Ho’s objective was as American as apple pie. Call it nationalism, call it independence, call it freedom from a distant colonial power. He did not want the French to rule his country. Nor did he want the United States to step into the role of the French as feudal overlords, dictating to the Vietnamese people how they would live their lives. Perhaps this sounds familiar to you---recall the words and themes spoken centuries earlier by Patrick Henry, Sam Adams, Thomas Paine and many other American patriots as they resisted British tyranny. These were Ho’s principles as well.

As for his tactics, Ho may as well have spent a few winters in training with George Washington at Valley Forge.

George Washington was no fool. He was not going to go toe-to-toe with Britain’s Royal Navy and Army regulars. British armed forces were the best-equipped best-trained military forces in the world. No upstart colonial force could stand up to them on a real battlefield. So Washington changed the field, constantly and unpredictably. He conducted a guerilla campaign, flitting in and out of woods and forests, using rivers and lakes and mountain passes as trails of opportunity and escape for his raiding parties. He was not the first guerilla tactician. And Ho made sure that he was not the last, for Ho himself orchestrated a copycat guerilla campaign.

I suspect that the presidential blinders were spawned by the terror and tensions of the then very Cold War. Russian aggression had imposed totalitarian Communist regimes in many Central and Eastern European countries and stated Soviet policy was to overthrow as many democratic capitalist societies as possible. President Truman’s no-nonsense stand on containment of the Soviet threats and Winston Churchill’s speech on the Iron Curtain quite properly upped the ante for all parties.

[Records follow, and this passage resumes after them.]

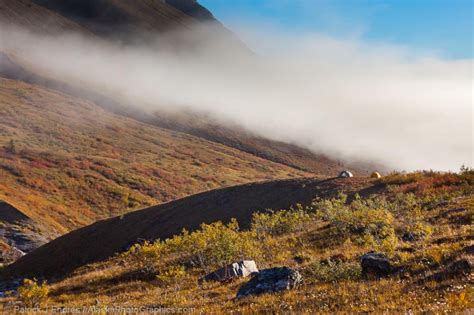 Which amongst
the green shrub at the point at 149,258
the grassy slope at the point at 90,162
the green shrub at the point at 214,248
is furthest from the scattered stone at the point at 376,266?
the grassy slope at the point at 90,162

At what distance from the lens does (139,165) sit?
10894 cm

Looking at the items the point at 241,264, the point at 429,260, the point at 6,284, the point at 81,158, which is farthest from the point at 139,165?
the point at 429,260

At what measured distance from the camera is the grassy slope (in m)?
78.9

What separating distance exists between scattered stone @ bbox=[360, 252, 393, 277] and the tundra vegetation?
28 cm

The world seemed to tremble on the edge of doom, for each side now had atomic weapons and advanced aircraft. Couple that fact with the successful Soviet launch of Sputnik and there is little wonder that the threat of Communism corrupted clear thinking on the part of four Presidents.

I don’t think that Ho was any more beholden to the Soviet Union or to Red China than he was to himself and the Vietnamese people. China and the Soviets were useful “allies” because they could and would supply him with the weapons he needed to fight the American colossus. As for the Soviets and the Chinese, they saw an opportunity to create a bloody and expensive abscess on American society, draining both its youth and its willpower.

Make no mistake about it---Ho was a brutal tyrant, employing every ruthless and savage technique associated with Mao, Stalin, and Lenin and their reigns of murder and terror. But he was a Vietnamese tyrant and it should have been left to the Vietnamese people to resolve their internal political conflicts rather than young American boys.

Much was made back then about the “domino theory” of Communist aggression and expansion. Ironies emerge from that domino theory.

One irony was that the biggest domino to fall was America’s standing in the world as well as its standing with many of its own citizens.

A second irony was that learned men, serious students of history, could so easily overlook certain things in plain view.

Tom Finneran is the former Speaker of the Massachusetts House of Representatives, served as the head the Massachusetts Biotechnology Council, and was a longstanding radio voice in Boston radio.